BHard to believe fatigue wasn't a major factor. ..... No regulation will ever make it as safe as flying 2.0 hours at 1300.
Bingo. It is just a fact of life in this job. We used to primarily fly at night. That sucked, but by day 3 you were pretty much acclimated. Not as in "rested and fully awake", but acclimated. The line between "adequate rest" and fatigue can be a fine one. Over the past ten to 15 years our schedules constantly transition between circadian cycles. You're flying when you were sleeping the day before. All you can do is sleep as much as possible and take power naps when you can. Internationally, you hopefully get an RFO. Domestically, lots of the old pure night or day flying now run through sleep-work cycles all week. You can get 8 hours sleep every time you hit the hotel and you're still essentially landing with a mental deficit equivalent of a beer or two because you're at your circadian low.

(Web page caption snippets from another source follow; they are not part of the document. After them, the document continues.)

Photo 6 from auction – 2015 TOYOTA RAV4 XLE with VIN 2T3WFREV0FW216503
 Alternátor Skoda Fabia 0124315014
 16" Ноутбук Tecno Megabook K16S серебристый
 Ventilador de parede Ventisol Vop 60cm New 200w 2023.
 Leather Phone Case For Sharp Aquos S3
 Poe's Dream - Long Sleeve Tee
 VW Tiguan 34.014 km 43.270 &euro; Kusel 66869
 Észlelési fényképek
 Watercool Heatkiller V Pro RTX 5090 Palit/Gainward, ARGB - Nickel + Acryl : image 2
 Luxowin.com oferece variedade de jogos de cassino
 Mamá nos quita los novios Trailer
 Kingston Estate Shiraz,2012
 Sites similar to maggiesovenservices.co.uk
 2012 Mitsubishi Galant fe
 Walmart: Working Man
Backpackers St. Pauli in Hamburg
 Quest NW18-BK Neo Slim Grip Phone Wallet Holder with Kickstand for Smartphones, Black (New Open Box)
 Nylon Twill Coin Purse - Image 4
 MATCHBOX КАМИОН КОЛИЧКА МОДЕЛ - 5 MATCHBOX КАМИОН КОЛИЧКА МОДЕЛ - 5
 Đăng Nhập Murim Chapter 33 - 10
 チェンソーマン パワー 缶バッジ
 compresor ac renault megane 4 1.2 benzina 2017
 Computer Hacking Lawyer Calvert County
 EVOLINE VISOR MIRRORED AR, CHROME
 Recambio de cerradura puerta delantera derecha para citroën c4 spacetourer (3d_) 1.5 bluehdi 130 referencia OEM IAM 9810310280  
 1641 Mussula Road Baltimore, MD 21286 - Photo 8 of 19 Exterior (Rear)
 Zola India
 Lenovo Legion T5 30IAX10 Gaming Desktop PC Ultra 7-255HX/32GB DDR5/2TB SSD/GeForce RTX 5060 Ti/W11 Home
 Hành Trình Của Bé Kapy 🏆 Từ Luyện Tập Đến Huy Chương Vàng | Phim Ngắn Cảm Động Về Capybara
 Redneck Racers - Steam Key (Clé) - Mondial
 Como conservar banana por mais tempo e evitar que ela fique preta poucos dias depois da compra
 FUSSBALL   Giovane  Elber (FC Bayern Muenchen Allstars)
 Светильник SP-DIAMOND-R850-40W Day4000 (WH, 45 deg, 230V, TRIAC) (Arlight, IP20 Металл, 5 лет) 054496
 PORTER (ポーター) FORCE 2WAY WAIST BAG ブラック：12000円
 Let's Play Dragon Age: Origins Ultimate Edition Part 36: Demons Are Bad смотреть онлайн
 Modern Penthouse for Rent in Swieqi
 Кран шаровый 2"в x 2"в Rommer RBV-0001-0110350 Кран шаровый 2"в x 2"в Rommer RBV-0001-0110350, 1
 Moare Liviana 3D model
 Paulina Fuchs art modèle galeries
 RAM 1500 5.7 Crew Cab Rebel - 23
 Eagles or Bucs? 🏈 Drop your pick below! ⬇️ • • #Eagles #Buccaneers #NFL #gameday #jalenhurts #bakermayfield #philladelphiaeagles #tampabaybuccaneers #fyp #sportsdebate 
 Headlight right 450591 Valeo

That's why we have to protect ourselves and keep good cockpit discipline. The companies don't give a damn about fatiguing schedules until a crash. Don't accept approaches to non-precision runways unless absolutely necessary and if it is, treat it like an emergency procedure. If you can afford to take a turn or two at the marker while they get the ground crew off the good runway, do it rather than accept a non-precision to the short runway with a high CFIT risk. A lot of controllers just want you to take a visual and get you off their hands. They're tired as well and just want to get back to that hot cup of coffee. That is part of the problem. Everyone is tired and it is easy to take the path of least resistance - in this case, (ATC) "You are cleared the visual, runway 18...." to the non-precision, short runway with high terrain in the approach area, instead of (Crew) "I'd like vectors to runway 6 ILS final. How long until runway 6 is open?"
FedEx's crash at Tallahassee was very similar. The mishap final report blamed all kinds of factors, but the primary cause was the Captain and F/O were fatigued which lead to decisions to take a visual to the non precision runway. No one questioned taking it over the precision runway. Fatigue makes you take what seems to be the easy way out. It is an insidious threat.